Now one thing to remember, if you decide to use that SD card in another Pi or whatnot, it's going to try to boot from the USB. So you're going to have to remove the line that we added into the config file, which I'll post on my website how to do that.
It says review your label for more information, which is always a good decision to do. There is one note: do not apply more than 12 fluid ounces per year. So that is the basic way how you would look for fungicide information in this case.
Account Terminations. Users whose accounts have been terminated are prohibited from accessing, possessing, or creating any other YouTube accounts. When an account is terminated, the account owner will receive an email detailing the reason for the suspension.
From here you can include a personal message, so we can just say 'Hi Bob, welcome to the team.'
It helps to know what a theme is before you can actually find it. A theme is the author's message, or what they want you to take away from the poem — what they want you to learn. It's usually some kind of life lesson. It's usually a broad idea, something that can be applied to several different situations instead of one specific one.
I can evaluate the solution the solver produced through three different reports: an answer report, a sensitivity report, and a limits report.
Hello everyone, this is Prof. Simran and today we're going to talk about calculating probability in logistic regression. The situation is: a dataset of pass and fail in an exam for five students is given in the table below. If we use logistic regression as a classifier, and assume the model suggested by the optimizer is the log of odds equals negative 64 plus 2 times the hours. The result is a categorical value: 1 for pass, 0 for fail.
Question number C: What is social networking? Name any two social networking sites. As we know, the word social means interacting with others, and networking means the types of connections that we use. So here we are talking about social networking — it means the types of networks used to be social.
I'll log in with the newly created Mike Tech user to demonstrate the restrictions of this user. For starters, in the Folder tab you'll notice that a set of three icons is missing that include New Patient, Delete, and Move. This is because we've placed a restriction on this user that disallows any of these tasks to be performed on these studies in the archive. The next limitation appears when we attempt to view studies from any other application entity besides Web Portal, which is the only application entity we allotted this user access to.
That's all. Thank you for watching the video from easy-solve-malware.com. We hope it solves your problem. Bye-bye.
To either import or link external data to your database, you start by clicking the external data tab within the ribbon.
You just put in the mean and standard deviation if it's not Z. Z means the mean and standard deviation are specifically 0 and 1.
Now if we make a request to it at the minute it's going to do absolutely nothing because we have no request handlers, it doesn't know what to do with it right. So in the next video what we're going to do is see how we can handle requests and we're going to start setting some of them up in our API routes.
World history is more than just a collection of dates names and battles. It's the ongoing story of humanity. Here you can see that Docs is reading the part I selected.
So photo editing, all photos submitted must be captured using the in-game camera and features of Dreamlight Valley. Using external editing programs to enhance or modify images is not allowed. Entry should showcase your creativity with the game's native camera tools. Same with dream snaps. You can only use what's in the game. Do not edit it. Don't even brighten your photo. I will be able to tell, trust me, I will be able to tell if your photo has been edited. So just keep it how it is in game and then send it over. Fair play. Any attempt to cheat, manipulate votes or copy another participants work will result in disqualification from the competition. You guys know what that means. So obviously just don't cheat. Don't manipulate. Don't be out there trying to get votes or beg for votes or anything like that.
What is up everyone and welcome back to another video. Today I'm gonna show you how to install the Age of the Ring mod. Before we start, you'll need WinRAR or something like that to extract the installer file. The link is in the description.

______

Work to complete: Look through the listing, and copy each line in which the string "because" turns up.

Answer for this exercise:
I'll log in with the newly created Mike Tech user to demonstrate the restrictions of this user. For starters, in the Folder tab you'll notice that a set of three icons is missing that include New Patient, Delete, and Move. This is because we've placed a restriction on this user that disallows any of these tasks to be performed on these studies in the archive. The next limitation appears when we attempt to view studies from any other application entity besides Web Portal, which is the only application entity we allotted this user access to.
Now if we make a request to it at the minute it's going to do absolutely nothing because we have no request handlers, it doesn't know what to do with it right. So in the next video what we're going to do is see how we can handle requests and we're going to start setting some of them up in our API routes.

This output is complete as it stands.